##### Data for processing #####
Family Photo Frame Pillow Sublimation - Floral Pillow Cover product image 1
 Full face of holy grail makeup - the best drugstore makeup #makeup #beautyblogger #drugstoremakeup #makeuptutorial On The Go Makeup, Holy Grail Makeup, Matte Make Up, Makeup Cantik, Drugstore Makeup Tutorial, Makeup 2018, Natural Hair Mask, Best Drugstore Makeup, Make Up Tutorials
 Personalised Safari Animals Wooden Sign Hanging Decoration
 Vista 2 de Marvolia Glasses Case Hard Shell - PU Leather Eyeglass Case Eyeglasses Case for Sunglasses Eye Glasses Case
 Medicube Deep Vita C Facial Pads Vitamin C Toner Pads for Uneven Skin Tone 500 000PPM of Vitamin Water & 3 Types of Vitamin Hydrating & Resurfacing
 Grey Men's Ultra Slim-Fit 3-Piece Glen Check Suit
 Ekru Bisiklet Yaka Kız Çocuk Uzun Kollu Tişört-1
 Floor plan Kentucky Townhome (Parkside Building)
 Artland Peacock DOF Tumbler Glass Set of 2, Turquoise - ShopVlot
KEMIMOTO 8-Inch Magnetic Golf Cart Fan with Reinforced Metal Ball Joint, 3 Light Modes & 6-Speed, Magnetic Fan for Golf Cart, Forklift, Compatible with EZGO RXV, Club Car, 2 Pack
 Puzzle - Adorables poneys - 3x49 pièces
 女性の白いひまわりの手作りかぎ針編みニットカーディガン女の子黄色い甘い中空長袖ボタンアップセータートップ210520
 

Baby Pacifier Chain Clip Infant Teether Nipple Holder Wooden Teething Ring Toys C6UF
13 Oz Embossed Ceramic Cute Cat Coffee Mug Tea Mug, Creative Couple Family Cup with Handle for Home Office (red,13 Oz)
#####
Work item: Every line from the top of the material through the line containing "Personalised Safari Animals" must be transcribed exactly, and no other line may appear.

Task output:
Family Photo Frame Pillow Sublimation - Floral Pillow Cover product image 1
 Full face of holy grail makeup - the best drugstore makeup #makeup #beautyblogger #drugstoremakeup #makeuptutorial On The Go Makeup, Holy Grail Makeup, Matte Make Up, Makeup Cantik, Drugstore Makeup Tutorial, Makeup 2018, Natural Hair Mask, Best Drugstore Makeup, Make Up Tutorials
 Personalised Safari Animals Wooden Sign Hanging Decoration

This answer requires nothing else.